In [45]:
!pip install numpy

import numpy as np



## Bandit Environment
### Call Bandit(min, max) to create a bandit with range or rewards from min to max
### Call Bandit.sample() to sample from this distribution

In [46]:
#Bandit instance, used as environment
class Bandit:
    def __init__(self, min_val, max_val):
        self.times_chosen = 1
        self.dist_range = sorted(np.random.randint(min_val, max_val+1, 2))
        self.true_reward = (self.dist_range[0] + self.dist_range[1]) / 2
        print(self.dist_range)

    def sample(self):
        self.times_chosen += 1
        return np.random.uniform(self.dist_range[0], self.dist_range[1])

## Our Agent needs to:
###    a) Keep track of how "good" each bandit has been in terms of reward
###    b) Keep track of regret

In [47]:
class Agent:
    def __init__(self, num_bandits=10, dist_min=1, dist_max=10):
        self.num_bandits = num_bandits
        self.bandits = []
        self.rewards_avg = []
        self.best_reward = -1
        self.regret = 0
        self.time = 1
        for i in range(self.num_bandits):
            self.bandits.append(Bandit(dist_min, dist_max))
            self.rewards_avg.append(1)
            if self.bandits[i].true_reward > self.best_reward:
                self.best_reward = self.bandits[i].true_reward

# Greedy Agent
## The Greedy Agent chooses the best action at every time (pure exploitation). Is this what we want?

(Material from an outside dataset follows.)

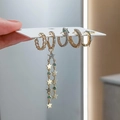 Élégant ensemble de boucles d'oreilles dorées avec pampille étoile et pierre verte - Ensemble Étoile Pompon Or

What are the advantages and disadvantages of this?

In [48]:
class GreedyAgent(Agent):
    def __init__(self):
        super().__init__()

    def choose_bandit(self):
        #Choose best action
        bandit_idx = np.argmax(self.rewards_avg)
        reward = self.bandits[bandit_idx].sample()

        #Calculate new reward average
        new_reward_avg = ((self.rewards_avg[bandit_idx] * (self.bandits[bandit_idx].times_chosen-1)) + reward) / self.bandits[bandit_idx].times_chosen
        self.rewards_avg[bandit_idx] = new_reward_avg
        #Calculate regret
        self.regret += (self.best_reward - self.bandits[bandit_idx].true_reward)
        print("GREEDY: Bandit {} was chosen ({}, {}), with reward {}, and regret {}, best reward {}".format(bandit_idx, self.bandits[bandit_idx].dist_range[0], self.bandits[bandit_idx].dist_range[1], reward, self.best_reward - self.bandits[bandit_idx].true_reward, self.best_reward))

# e-Greedy Agent
## The Epsilon Greedy Agent chooses the best action most of the time (exploitation) but every so often chooses a random action (exploration). Why might this work? What are the advantages and disadvantages of this?

In [49]:
class EpsilonGreedyAgent(Agent):
    def __init__(self, epsilon = 0.9):
        super().__init__()
        self.epsilon = epsilon

    def choose_bandit(self):
        if np.random.uniform() > self.epsilon: # Choose random action
            bandit_idx = np.random.randint(0, self.num_bandits)
        else: # Choose best action
            bandit_idx = np.argmax(self.rewards_avg)
        reward = self.bandits[bandit_idx].sample()
        #Calculate new reward average
        new_reward_avg = ((self.rewards_avg[bandit_idx] * (self.bandits[bandit_idx].times_chosen-1)) + reward) / self.bandits[bandit_idx].times_chosen
        self.rewards_avg[bandit_idx] = new_reward_avg
        #Calculate regret
        self.regret += (self.best_reward - self.bandits[bandit_idx].true_reward)
        print("EPSILON GREEDY: Bandit {} was chosen ({}, {}), with reward {}, and regret {}, best reward {}".format(bandit_idx, self.bandits[bandit_idx].dist_range[0], self.bandits[bandit_idx].dist_range[1], reward, self.best_reward - self.bandits[bandit_idx].true_reward, self.best_reward))

# UCB Agent
## The Upper Confidence Bound Agent chooses the agent that has the maximum best reward + least confidence. This means that actions chosen long ago are more uncertain on their reward than actions chosen recently. We assign a "confidence" to these actions (based on our confidence on how good/bad they actually were), and then choose our action based on the reward we think they give, plus the confidence

In [69]:
class UCBAgent(Agent):
    def __init__(self, confidence=2):
        super().__init__()
        self.confidence = confidence
        self.times_since_last_choice = [1 for i in range(self.num_bandits)]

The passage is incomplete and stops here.